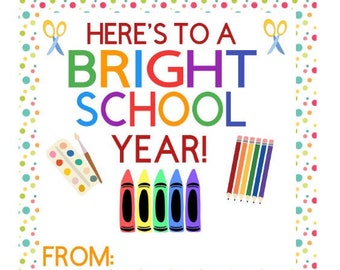 PRINTABLE Bright School Year Gift Tag, First Day of School, Back to School, From Teacher, For Students, Crayon Gift Tag, Instant Download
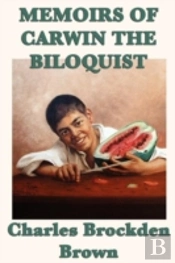 Memoirs Of Carwin The Biloquist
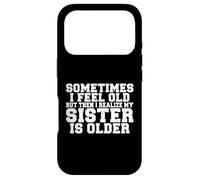 Parfois Je me Sens Vieux mais Ensuite Je réalise Que ma sœur est Plus âgée Coque pour iPhone 17 Pro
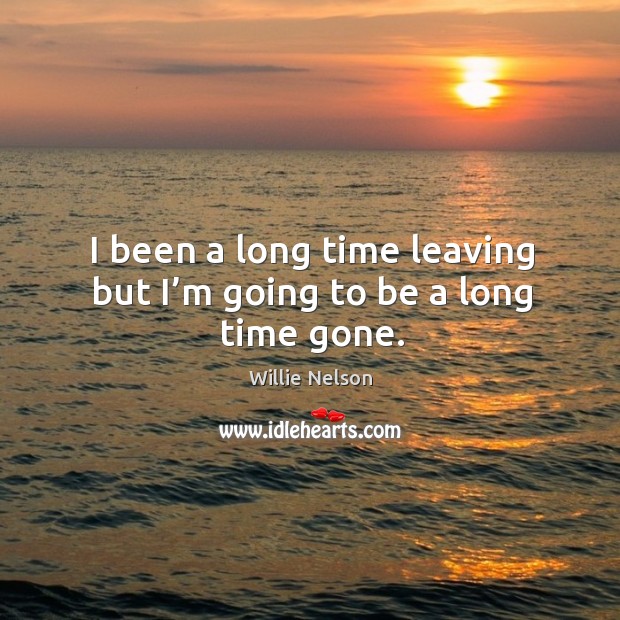 I been a long time leaving but I’m going to be a long time gone. Image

* * * * * * * * *

Your task: Copy out the listing exactly as it stands, but not the pictures.

Solution to this exercise:
 PRINTABLE Bright School Year Gift Tag, First Day of School, Back to School, From Teacher, For Students, Crayon Gift Tag, Instant Download
 Memoirs Of Carwin The Biloquist
 Parfois Je me Sens Vieux mais Ensuite Je réalise Que ma sœur est Plus âgée Coque pour iPhone 17 Pro
 I been a long time leaving but I’m going to be a long time gone. Image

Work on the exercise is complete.